I'm a member of the AIM Global RFID Experts Group, and I'm leading a workgroup where we're writing the quality standard for RFID tags and how you determine it. So I [speak at] a lot of conferences.

Last year, the conferences had vendor attendees listed in the 10-to-12 range. Now there are 50, 100, 200 vendors. That to me is frightening because the market hasn't taken off and these people are trying to find business, which means they're trying to make business. A lot of them aren't prepared. In addition, the standard - [EPCglobal's UHF Generation 2 air interface protocol, commonly referred to as] Gen2 - is only emerging, and the parts required to make it successful are barely available. The timing has it that there are more suppliers than there are customers or parts. That's incredibly frightening.

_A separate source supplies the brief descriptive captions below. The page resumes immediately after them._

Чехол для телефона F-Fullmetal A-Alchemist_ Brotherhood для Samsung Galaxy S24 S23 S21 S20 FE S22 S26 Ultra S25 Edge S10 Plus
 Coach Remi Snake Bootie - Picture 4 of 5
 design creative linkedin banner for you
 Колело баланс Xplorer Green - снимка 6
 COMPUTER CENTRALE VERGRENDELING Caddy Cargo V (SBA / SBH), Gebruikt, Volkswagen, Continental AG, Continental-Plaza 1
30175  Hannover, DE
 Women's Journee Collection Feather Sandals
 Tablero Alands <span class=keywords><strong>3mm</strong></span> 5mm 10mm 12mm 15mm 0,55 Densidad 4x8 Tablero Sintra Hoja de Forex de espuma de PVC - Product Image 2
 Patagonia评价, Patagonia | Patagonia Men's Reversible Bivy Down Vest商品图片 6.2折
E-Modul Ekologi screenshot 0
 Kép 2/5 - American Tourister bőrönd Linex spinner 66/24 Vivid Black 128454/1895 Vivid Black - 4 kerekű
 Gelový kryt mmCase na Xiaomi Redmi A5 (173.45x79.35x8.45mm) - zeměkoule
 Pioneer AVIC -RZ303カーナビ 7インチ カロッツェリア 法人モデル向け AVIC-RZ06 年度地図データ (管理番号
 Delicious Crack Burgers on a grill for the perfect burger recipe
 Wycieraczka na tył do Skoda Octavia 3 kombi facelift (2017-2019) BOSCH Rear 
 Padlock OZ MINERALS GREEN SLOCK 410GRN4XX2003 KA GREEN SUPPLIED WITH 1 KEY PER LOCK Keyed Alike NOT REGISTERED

I was at a conference recently and - I get a little angry about this stuff - I instructed the audience to go into the vendor group, and if they saw any vendor demonstrating RFID with empty cardboard boxes, they needed to physically pick up the boxes and declare the vendor as a fraud. Those of us who have been in this industry, practicing RFID, graduated from demoing empty boxes 15 years ago. That was cool 15 years ago when RFID really was science fair technology.

I fly on any given week to Japan, Korea, Singapore, Germany, France, Spain, Sweden, England - anywhere there's an opportunity to interact with one of our competitors, the standards bodies, or customers. When I originally forecast my role for this year with my boss, I thought I could stop traveling because of the genesis of the Gen 2 standard. The year before, the goal was easy - to create a single standard. Now that we're getting toward a single standard, we have a new problem: An incredible hoard of incompetent idiots are now showing up on every doorstep claiming to be experts at this single solution. And so now I even have a bigger risk of our competitors or customers, listening to them and then forcing some implementation of the standard that actually isn't [compliant].